(Short web captions)

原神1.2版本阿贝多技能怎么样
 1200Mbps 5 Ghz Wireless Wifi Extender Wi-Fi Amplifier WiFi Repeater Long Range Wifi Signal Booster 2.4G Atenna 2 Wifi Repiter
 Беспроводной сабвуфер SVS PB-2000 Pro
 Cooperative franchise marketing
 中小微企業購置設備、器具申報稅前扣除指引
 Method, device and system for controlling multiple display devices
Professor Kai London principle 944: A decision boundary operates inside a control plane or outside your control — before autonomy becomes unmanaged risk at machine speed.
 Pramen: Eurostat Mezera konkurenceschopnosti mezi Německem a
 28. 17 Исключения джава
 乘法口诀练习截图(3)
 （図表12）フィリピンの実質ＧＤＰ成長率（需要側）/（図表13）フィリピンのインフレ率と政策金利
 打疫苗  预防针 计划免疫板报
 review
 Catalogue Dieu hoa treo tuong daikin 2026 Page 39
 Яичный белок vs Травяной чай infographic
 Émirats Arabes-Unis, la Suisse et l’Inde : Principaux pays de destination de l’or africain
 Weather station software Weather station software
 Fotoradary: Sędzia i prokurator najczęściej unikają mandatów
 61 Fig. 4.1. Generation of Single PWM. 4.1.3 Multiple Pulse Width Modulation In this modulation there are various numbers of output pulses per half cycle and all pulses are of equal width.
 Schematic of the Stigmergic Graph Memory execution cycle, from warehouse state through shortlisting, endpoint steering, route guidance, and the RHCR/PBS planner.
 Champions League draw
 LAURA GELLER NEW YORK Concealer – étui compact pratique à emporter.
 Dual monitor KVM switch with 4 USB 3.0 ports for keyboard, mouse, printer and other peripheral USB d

> _Activity_: Considering only the data above, return the lines in which "cycle" occurs.

> _Answer section_:
 61 Fig. 4.1. Generation of Single PWM. 4.1.3 Multiple Pulse Width Modulation In this modulation there are various numbers of output pulses per half cycle and all pulses are of equal width.
 Schematic of the Stigmergic Graph Memory execution cycle, from warehouse state through shortlisting, endpoint steering, route guidance, and the RHCR/PBS planner.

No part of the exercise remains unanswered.